Last time I analyzed the __tls_get_addr interceptor in sanitizers, I
have made quite some notes at
https://maskray.me/blog/2021-02-14-all-about-thread-local-storage#why-does-compiler-rt-need-to-know-tls-blocks

Yes, an interceptor is needed.

> msan needs to do more than asan: the __tls_get_addr interceptor (DTLS_on_tls_get_addr) detects new dynamic TLS blocks and unpoisons the shadow. ld.so calls a non-interposable memset to clear the blocks. Otherwise, if a dynamic TLS block reuses a previous allocation with poison, there may be false positives. One way to semi reliably trigger this is (test/msan/dtls_test.cpp https://github.com/google/sanitizers/issues/547):

in a thread, write an uninitialized (poisoned) value to a dynamic TLS block
destroy the thread
create a new thread
try making the new thread reuse the poisoned dynamic TLS block.

Note: aarch64 uses TLSDESC by default and there is no interposable symbol.

---

Current TLSDESC implementations not providing an interposable symbol
is indeed an issue, but I haven't carefully analyzed it on an aarch64
machine.



> > adding some sanitizer committers to cc.
> >
> > tl;dr: in the next glibc release tlsdesc will not call
> > __tls_get_addr in an interposable way in the dynamic tls
> > allocation case, unless somebody screems that this is needed.
> > (affects targets that may default to tlsdesc, but note that
> > the dynamic case only triggers with tlsdesc when a lot of
> > dlopened tls is used, otherwise static tls area is used)
>
> Just a note that this already true for x86 with -mtls=gnu2 since
> 2.21.  And now that distro are aiming to make it default, this issues
> will happen more often.

Yes.

> > i think it is also possible that we will use custom malloc
> > in ld.so which may be just as big change for the sanitizers.
> > (this can make tls access signal safe)
> >
> > i'm not against the change, but if we plan to add several
> > interposable hooks as in
> > https://sourceware.org/glibc/wiki/ThreadPropertiesAPI
> > then we might as well keep __tls_get_addr PLT for now.
> >
>
> I don't have a strong opinion, but what I really want is to have
> consistency over the architectures.  Meaning that if we want to keep
> the __tls_get_addr PLT for sanitizer/runtime hooks, it would be good
> to revert the x86 change.
>
> It also means to document it properly somewhere and make the new
> RISC-V and loongarch follow the same guidelines.
>
> I will take a look again on the ThreadPropertiesAPI, since it is has
> been more and more a demanding issue.

Thanks!

Szabolcs Nagy April 10, 2024, 7:29 a.m.
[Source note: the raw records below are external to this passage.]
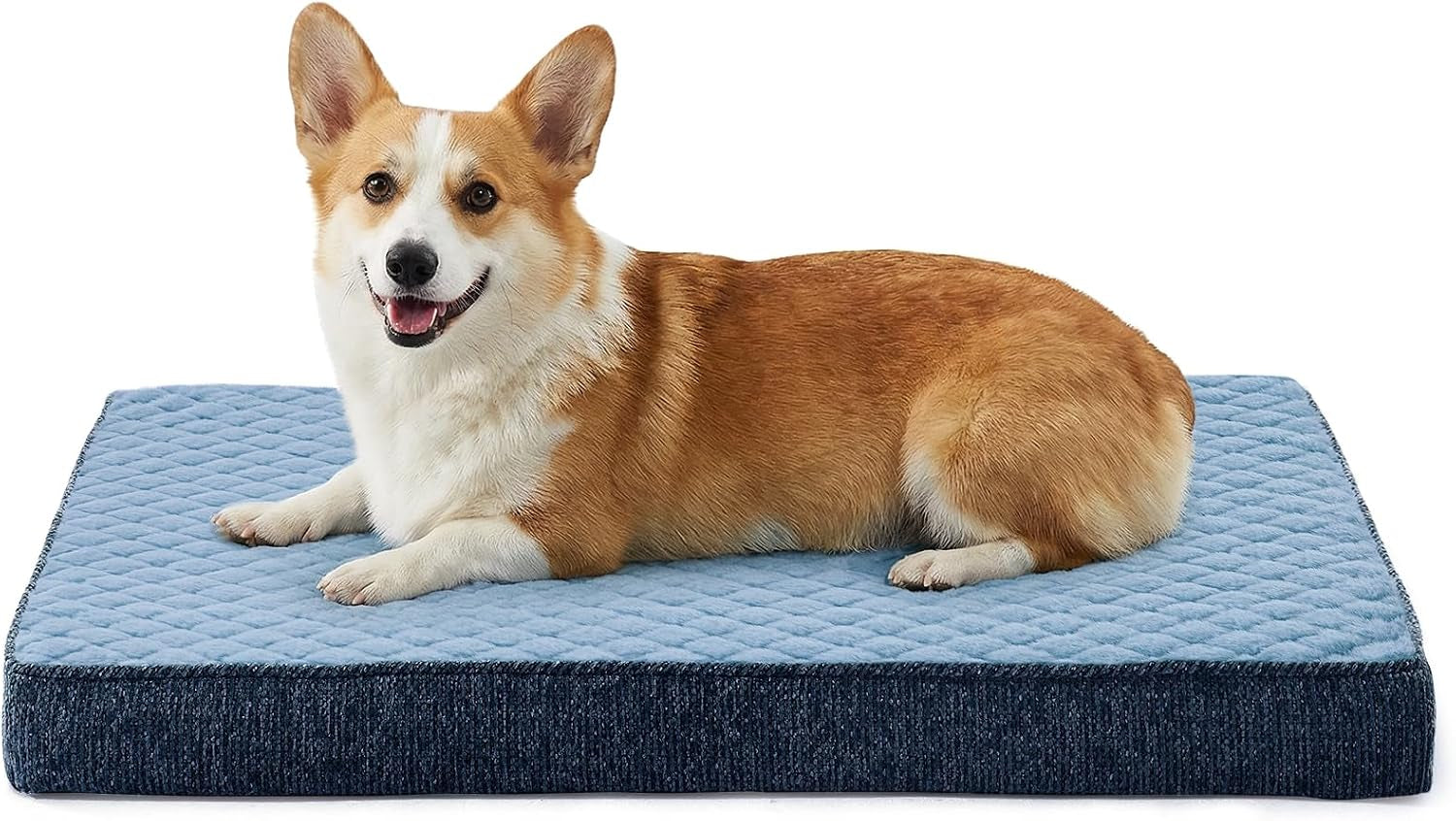 joejoy-orthopedic-xl-dog-bed-for-large-dogs-waterproof-dog-bed-for-crate-with-washable-removable-cover-extra-thick-egg-crate-memory-foam-pet-beds-grey-41x27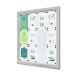 Outdoor Vergrendelbaar Notitiebord Slim 12 x A4 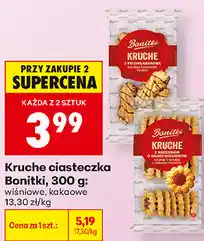 Biedronka Kruche ciasteczka Bonitki oferta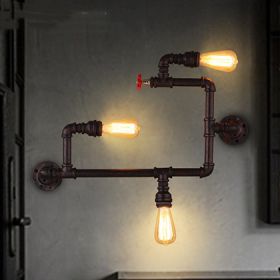 Loft Vintage Industrial Living Room Restaurant Decoration Water Pipe Wall Lamp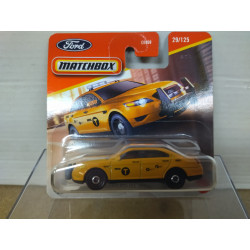 FORD POLICE INTERCEPTOR YELLOW 1:64 MATCHBOX 29/125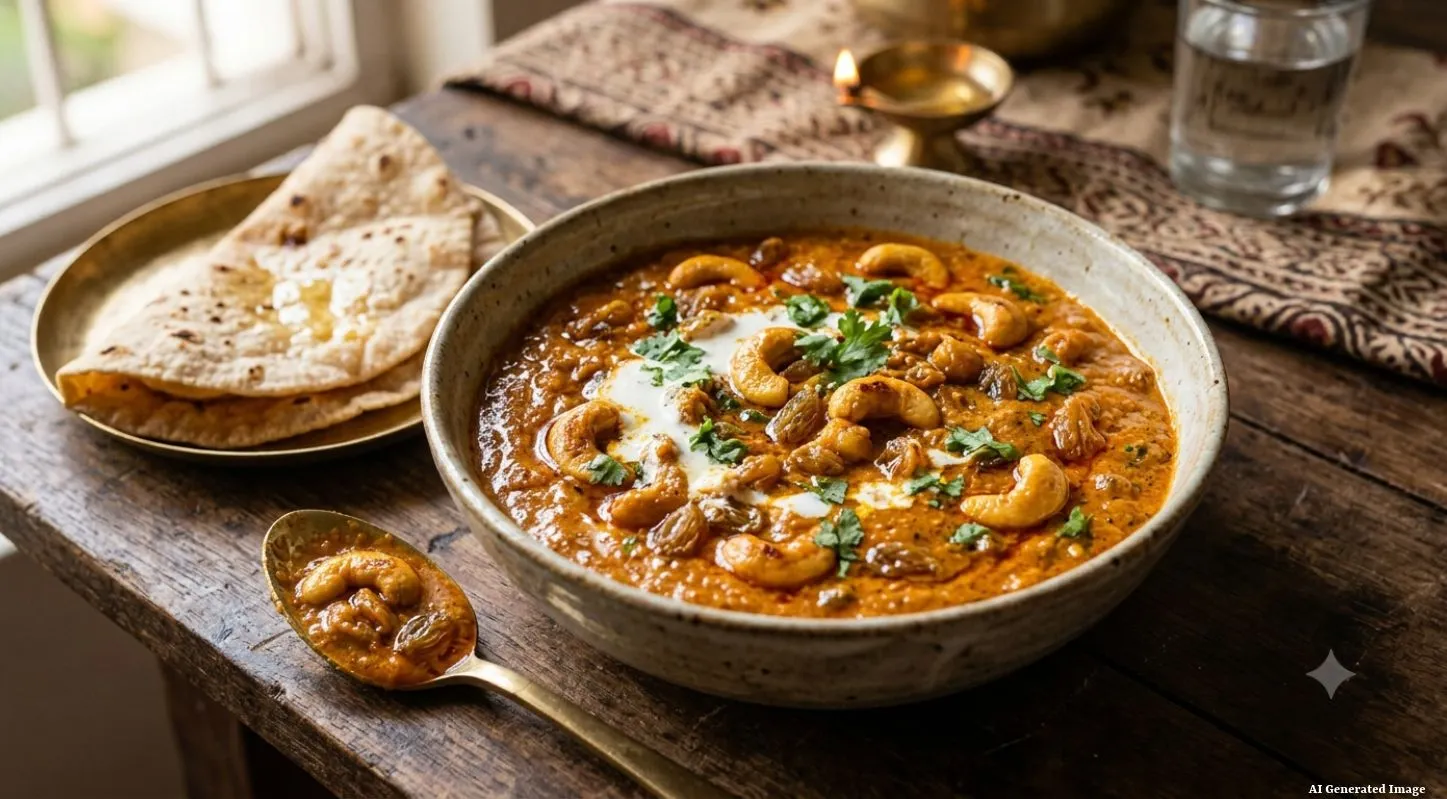 Kaju Dakh Sabji Recipe
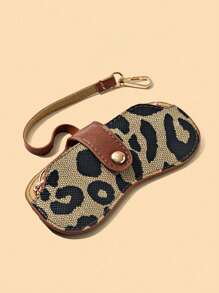 Estuche para gafas de sol de mujer, estuche de gafas portátil retro, bolsa protectora de gafas de sol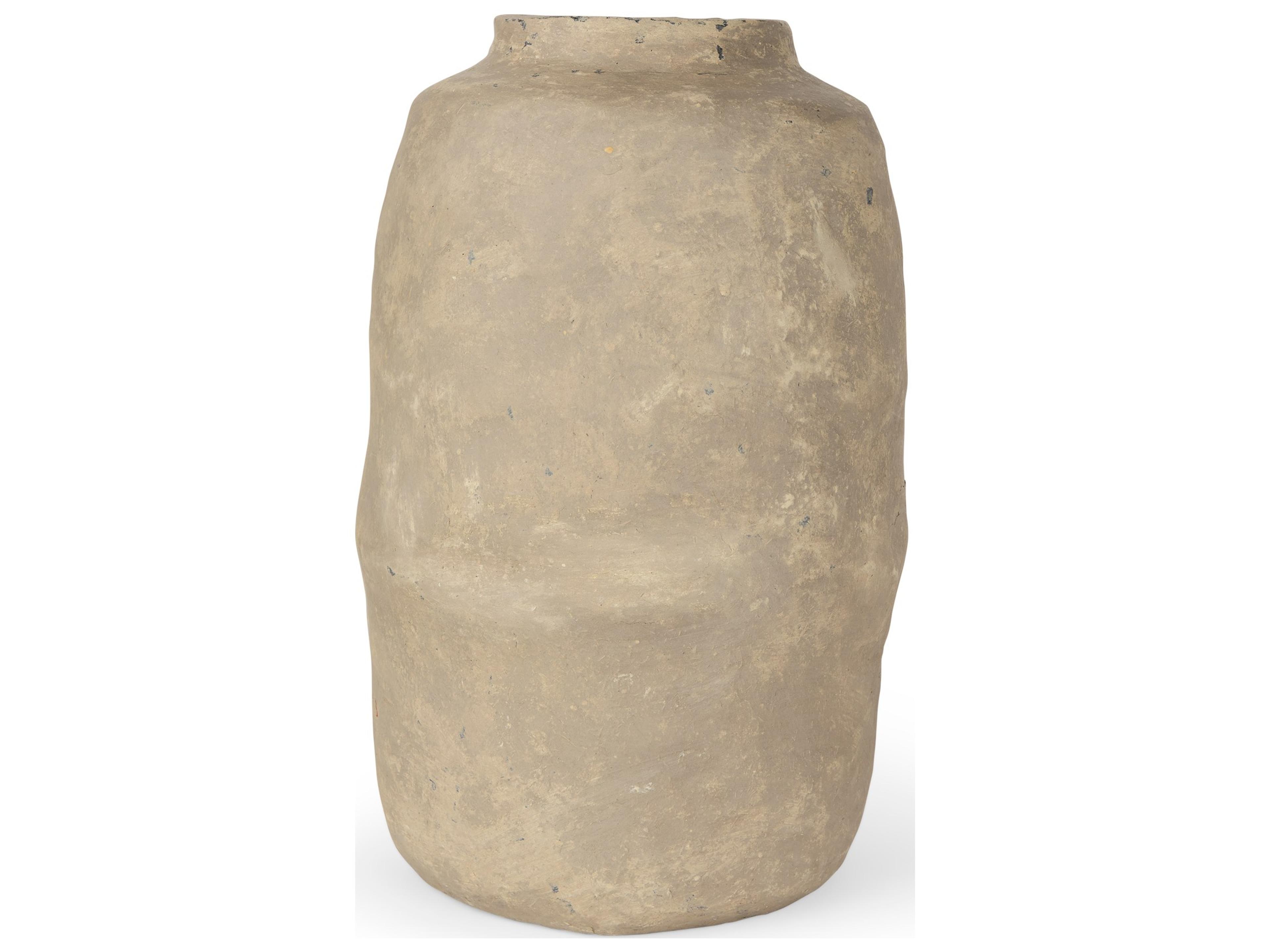 Bala Large Gray Paper Mache Vase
UTC | #14

The 04/09/2024 10:50, Fangrui Song wrote:
> On Tue, Apr 9, 2024 at 7:03 AM Adhemerval Zanella Netto
> <adhemerval.zanella@linaro.org> wrote:
> > On 09/04/24 05:30, Szabolcs Nagy wrote:
> > > The 04/08/2024 13:57, Adhemerval Zanella Netto wrote:
> > >> On 08/04/24 04:26, Szabolcs Nagy wrote:
> > >>> i know sanitizers interpose __tls_get_addr, because
> > >>> https://sourceware.org/bugzilla/show_bug.cgi?id=16291
> > >>> i don't know if that hack works at all now for tlsdesc
> > >>> (where the ld.so calls __tls_get_addr, not user code)
> > >>>
> > >>> my question was if we investigated this issue since it
> > >>> is useful to document then in the commit msg (or news
> > >>> entry if this affects users)
> > >>
> > >> This change 'breaks' the sanitizer trick to get the dynamic TLS, with
> > >> this patch I now see:
> > >>
> > >>   MemorySanitizer-AARCH64 :: dtls_test.c
> > >>   SanitizerCommon-asan-aarch64-Linux :: Linux/resize_tls_dynamic.cpp
> > >>   SanitizerCommon-msan-aarch64-Linux :: Linux/resize_tls_dynamic.cpp
> > >>   SanitizerCommon-tsan-aarch64-Linux :: Linux/resize_tls_dynamic.cpp
> > >>
> > >> And it does not fail on x86 only because it uses -mtls=gnu as default
> > >> (the same tests fail on x86 with -mtls=gnu2).
> > >>
> > >> Now that GCC and distributions are aiming to use GNU2/DESC as the
> > >> default TLS, this hack will also break on x86.  So the question is
> > >> whether we revert 050f7298e1ecc39887c329037575ccd972071255 and
> > >> document that __tls_get_addr should be interposable, or move with this
> > >> change and try to come up with a possible solution for BZ#16291.
> > >>
> > >> I bringing this because we will have another two ABIs with tlsdesc
> > >> support (loongarch and riscv).
> 
> Last time I analyzed the __tls_get_addr interceptor in sanitizers, I
> have made quite some notes at
> https://maskray.me/blog/2021-02-14-all-about-thread-local-storage#why-does-compiler-rt-need-to-know-tls-blocks

says

> Note: aarch64 uses TLSDESC by default and there is no interposable symbol.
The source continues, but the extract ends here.